In Cadogan v Tolly (2011), the High Court applied the Sinclair principle in summary proceedings involving a bribe or secret commission received by a fiduciary. Such proceedings involve a personal claim, as distinct from a proprietary cause of action.
|Cadogan v Tolly  EWHC 2286|
The claimant companies (which comprised a group of companies involved in gas exploration and exploitation of gas reserves in Ukraine) commenced proceedings against the defendants, a Ukraine national and chief operating officer of the claimants between 2007 and 2009 and a Delaware company owned and controlled by him. The claims were based inter alia in respect of secret commissions received by the defendants in relation to transactions entered on behalf of the claimants. The relief sought included declarations that various sums of money or their traceable proceeds were held on trust for the claimants. In substance a proprietary claim. The defendants contended that the effect of the decision of the Court of Appeal in Sinclair Investments Ltd v Versailles Ltd  EWCA Civ 347 rendered the proprietary claim unsustainable.

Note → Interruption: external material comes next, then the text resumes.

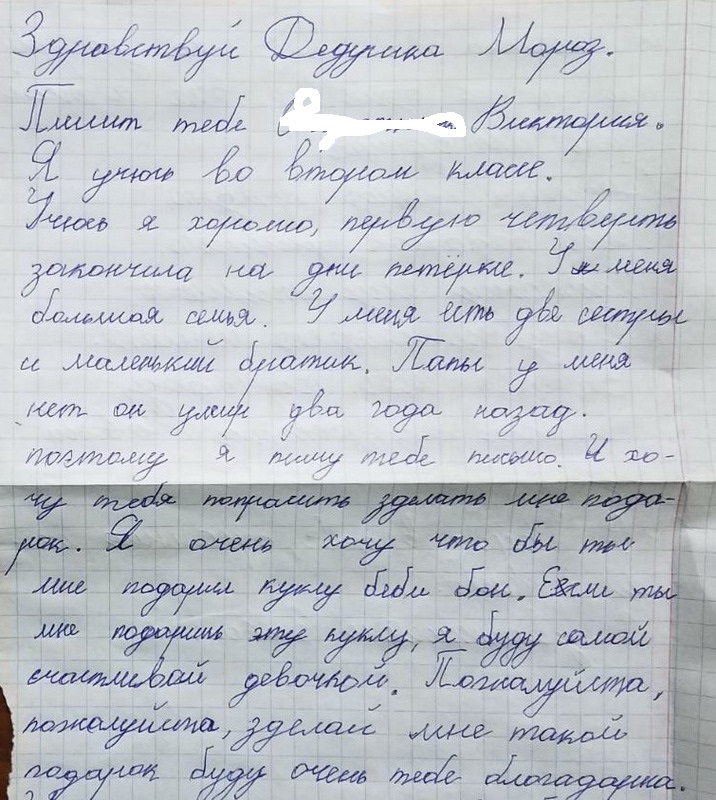 :    .jpg
: 657

: 211.7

|Held: The High Court ruled inter alia that the claimants had no real prospect of succeeding in their proprietary claim, and summary judgment ought to be granted in favour of the defendant.|
In the recent, definitive Supreme Court decision in FHR European Ventures v Cedar Capital Partners  UKSC 45, the court reviewed the leading authorities concerning the status of bribes and secret commissions, and concluded that, in accordance with traditional equitable principles, and in the interests of practicality, clarity and consistency, bribes and secret commissions received by an agent or other fiduciary, in breach of his fiduciary duties, will be held on constructive trust for the principal. The effect of this ruling is that the principal acquires a proprietary interest in the benefit and is entitled to exercise either a proprietary or personal remedy against the agent. Thus, the principal is required to elect between the two remedies. The advantages of the proprietary remedy are that the principal is entitled to trace the proceeds of the bribe or secret commission into other assets and follow them into the hands of knowing recipients. In addition, if the agent becomes insolvent, a proprietary claim would effectively give the principal priority over the agent’s unsecured creditors, as opposed to ranking pari passu with other unsecured creditors where the claim is for compensation.

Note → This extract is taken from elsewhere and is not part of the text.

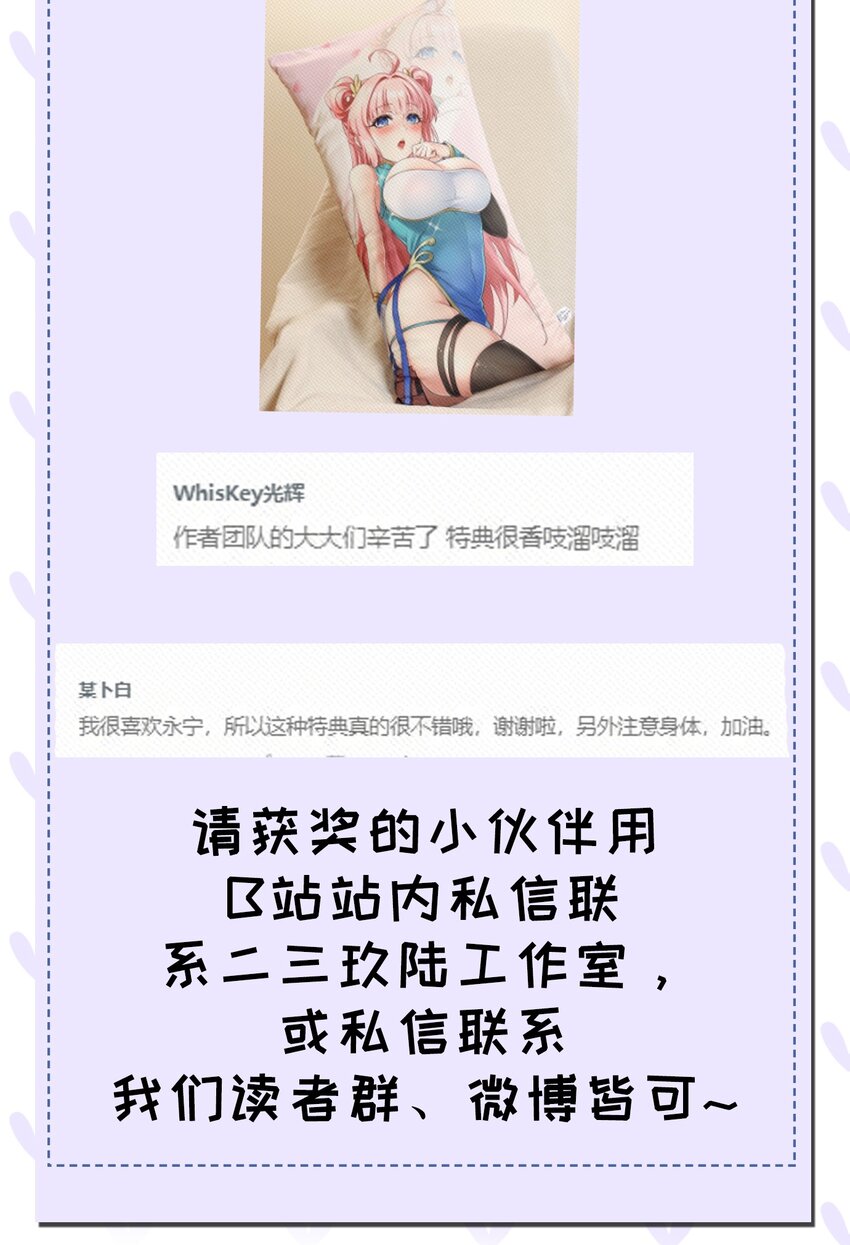 134 他是我夫君，我相信他！48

The court analysed the significant number of authorities on this subject and drew the following conclusions. First, where the agent or other fiduciary makes an unauthorised profit by taking advantage of opportunities, not involving bribes and secret commissions, arising by virtue of his fiduciary relationship, the ‘no conflict’ principle applied and the principal acquires a proprietary interest in the asset obtained by the agent. By way of illustration, in Phipps v Boardman (1967), agents of trustees purchased shares in circumstances where they only had the opportunity because they were agents, were required to hold the same beneficially for the trust. Second, the majority of the cases on bribes and secret commissions support the view that the same principles apply to all benefits received by the agent in breach of his fiduciary duties. In short, no distinction was drawn between the receipt of benefits generally and bribes and secret commissions specifically. The agent is required to hold the secret commission or bribe on trust for his principal rather than simply having an equitable duty to account to his principal. Third, the House of Lords’ decision in Tyrrell v Bank of London (1862) 10 HL Cas 26, and a number of Court of Appeal decisions, including Lister v Stubbs (1890) and Sinclair v Versailles (2011) appeared to have created a narrower rule, rejecting the proprietary remedy of the principal and reducing the claimant’s rights to the bribe or secret commission to a personal remedy for equitable compensation.

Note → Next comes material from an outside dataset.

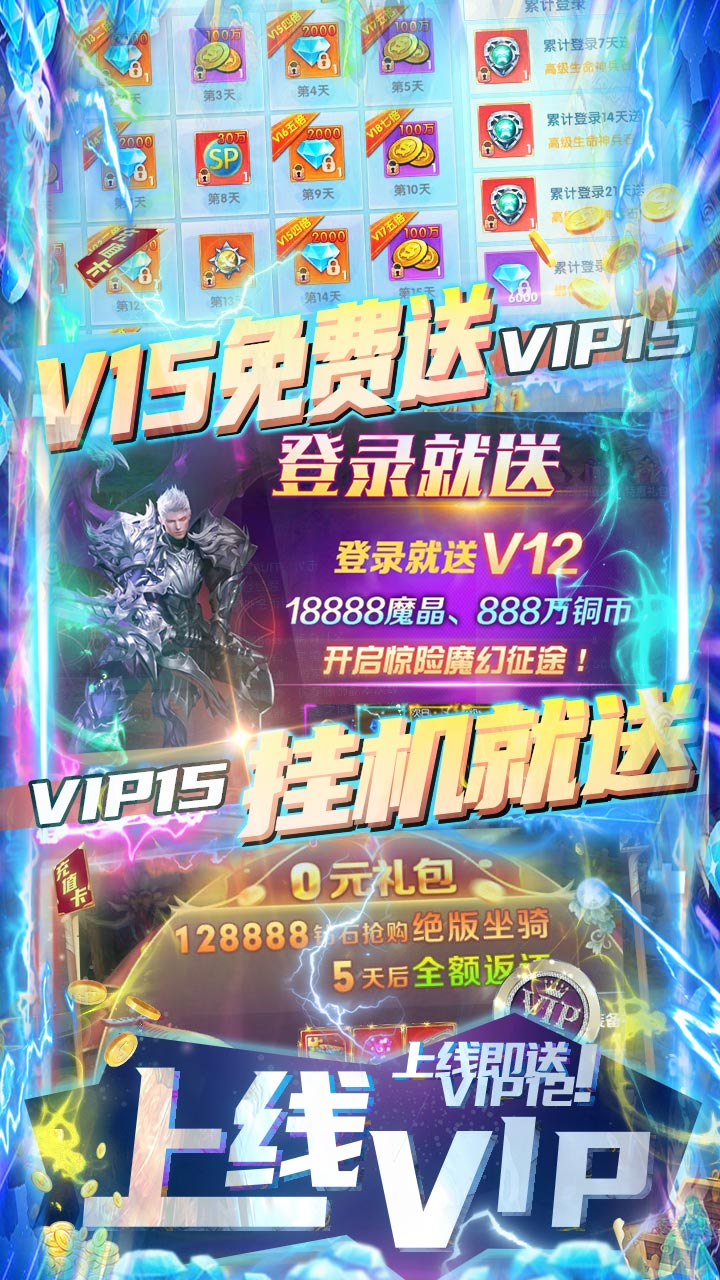 斗仙界电脑版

In Tyrrell, a solicitor, retained to act for a company that was involved in the purchase of land, had arranged to benefit from the company’s acquisition of property by obtaining a 50 per cent beneficial interest in adjoining land. Following the completion of the purchase by the company, it discovered that the solicitor had secretly profited from the transaction and claimed a proprietary interest in the adjoining land. The court rejected this claim as being outside ‘the limit of the agency’ but decided that the solicitor was liable to account for the profit he had made on the adjoining land.
In the present case, the Supreme Court observed that a number of Court of Appeal authorities were inconsistent with the notion that the rule applies to bribes and secret commissions. In Metropolitan Bank v Heiron (1880) 5 Ex D 319, the issue concerned the Limitation Acts by analogy. In Lister v Stubbs an interlocutory injunction was refused on the ground that the relationship between the company and its agent was that of a creditor and debtor, not beneficiary and trustee. In Sinclair Investments v Versailles the Court of Appeal decided that it would follow Heiron and Lister. On the other hand, in AG for Hong Kong v Reid (1994), the Privy Council concluded that bribes received by a corrupt Director of Public Prosecutions were held on trust for his principal and could be traced into properties acquired in New Zealand. Lord Templeman disapproved of the reasoning in Heiron and Lister. The Supreme Court concluded by disapproving the House of Lords’ decision in Tyrrell and overruling the decisions in Heiron, Lister and subsequent cases that relied on these precedents, including Sinclair v Versailles.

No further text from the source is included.